Given records ->

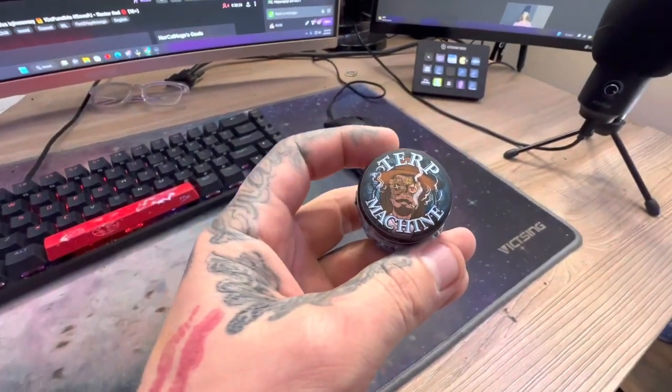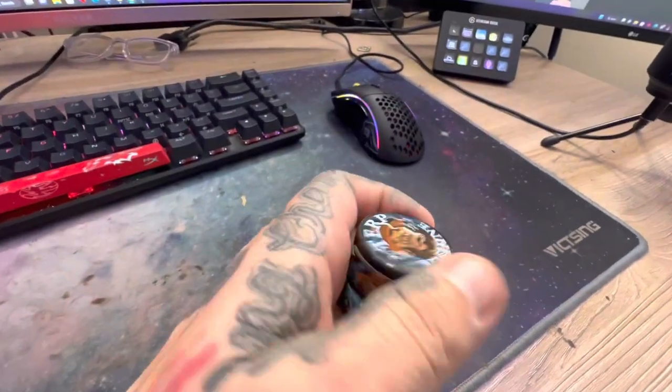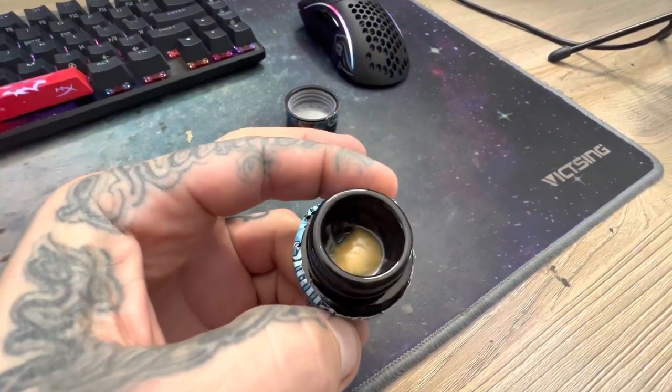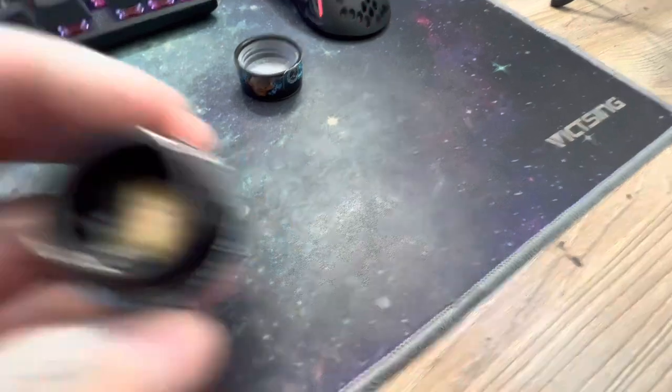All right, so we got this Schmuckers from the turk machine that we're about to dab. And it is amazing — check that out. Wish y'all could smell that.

* * *

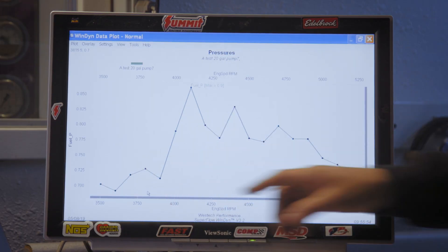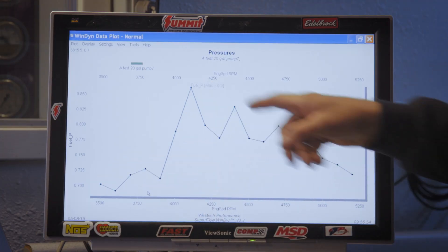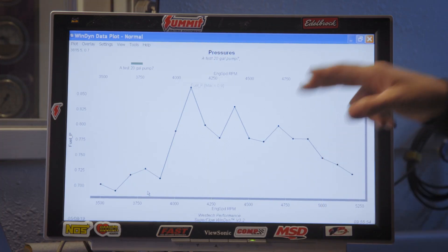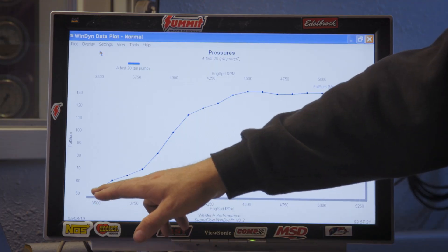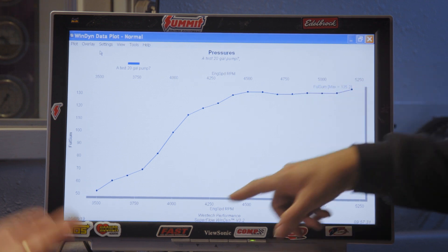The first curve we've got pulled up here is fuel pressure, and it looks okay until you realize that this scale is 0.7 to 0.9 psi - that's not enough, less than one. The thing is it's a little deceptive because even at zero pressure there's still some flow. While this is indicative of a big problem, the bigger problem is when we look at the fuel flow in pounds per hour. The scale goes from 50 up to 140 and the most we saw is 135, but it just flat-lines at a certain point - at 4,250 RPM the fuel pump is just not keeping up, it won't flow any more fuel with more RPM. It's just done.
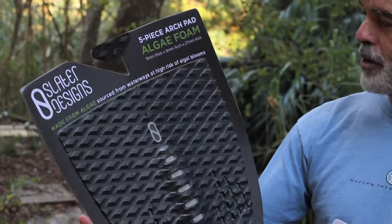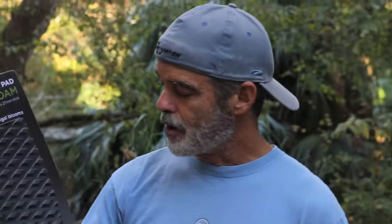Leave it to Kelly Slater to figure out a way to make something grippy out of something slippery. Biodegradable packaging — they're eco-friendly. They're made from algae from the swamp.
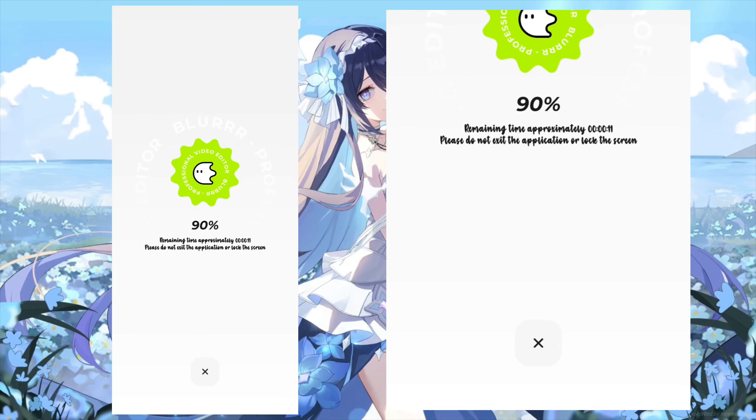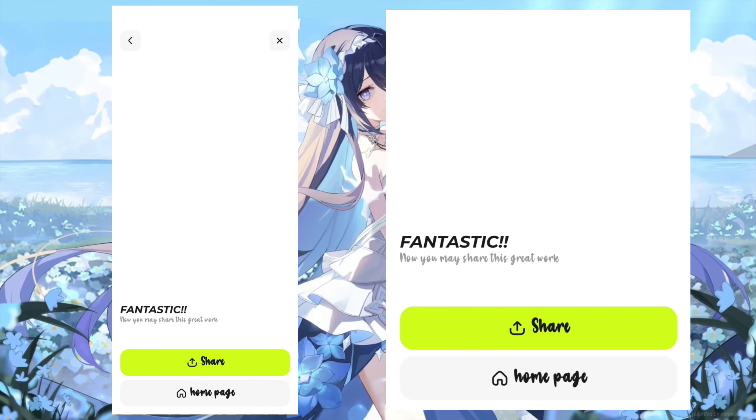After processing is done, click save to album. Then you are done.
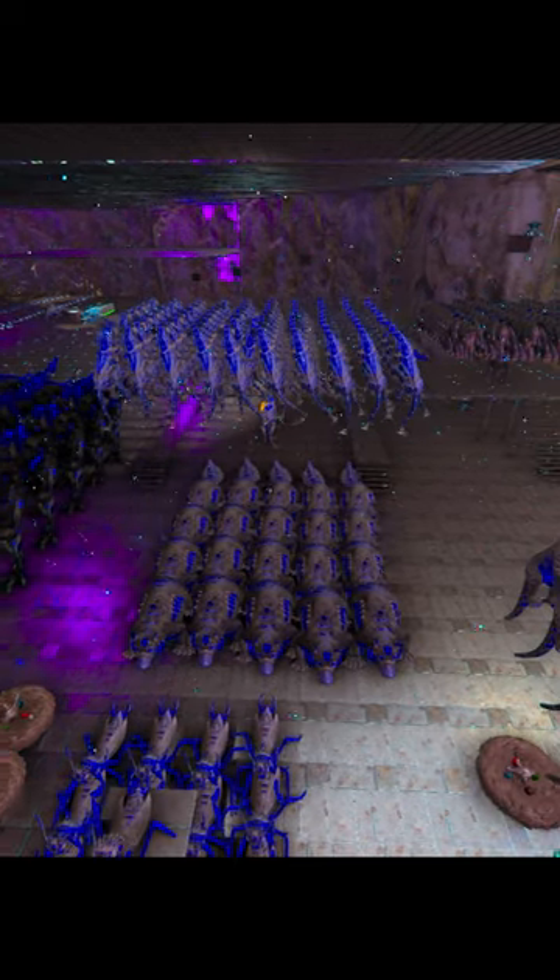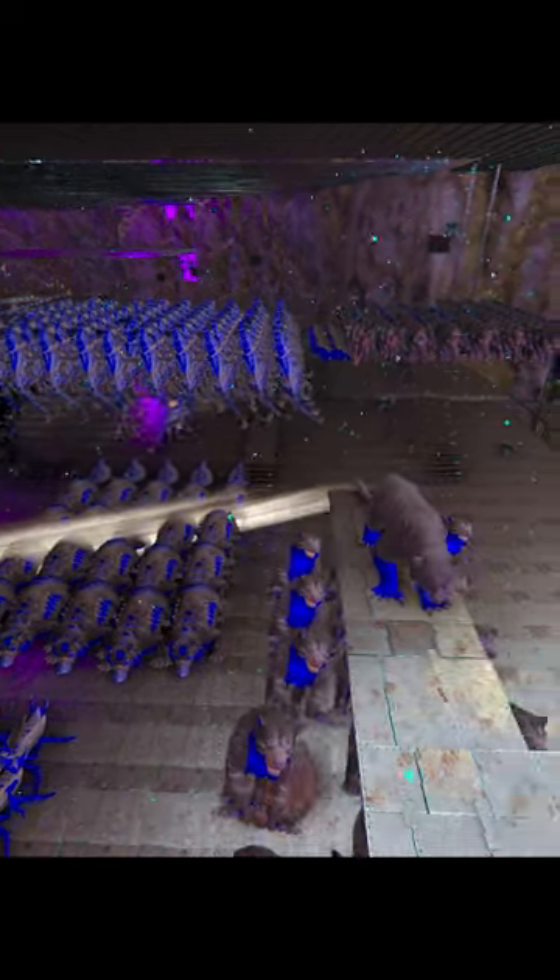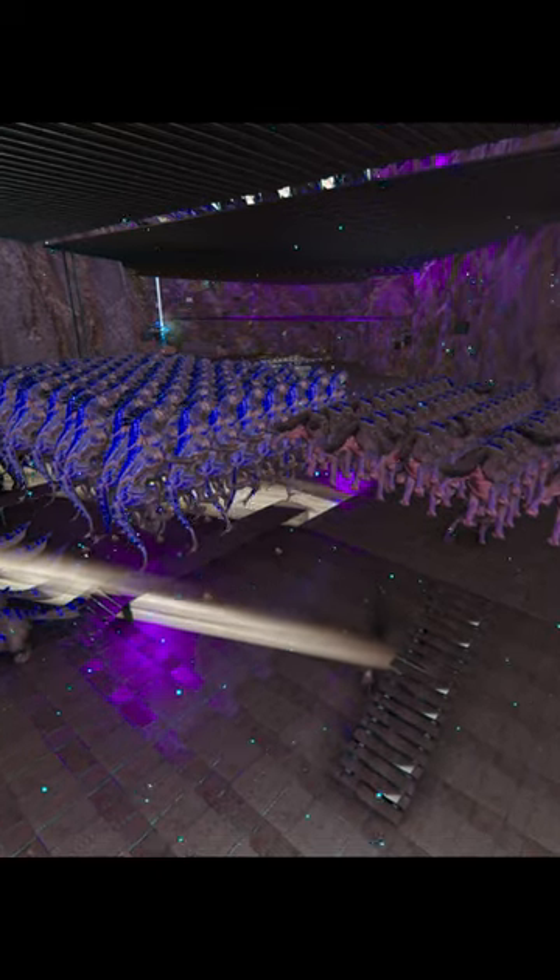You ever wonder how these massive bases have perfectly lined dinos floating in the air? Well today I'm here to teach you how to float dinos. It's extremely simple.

Required work -> The lines to set down run from the line with "After processing is" up to and including the line with "You ever wonder" in the entries above. Reproduce them exactly, with no pictures.

The answer ->
After processing is done, click save to album. Then you are done.
You ever wonder how these massive bases have perfectly lined dinos floating in the air? Well today I'm here to teach you how to float dinos. It's extremely simple.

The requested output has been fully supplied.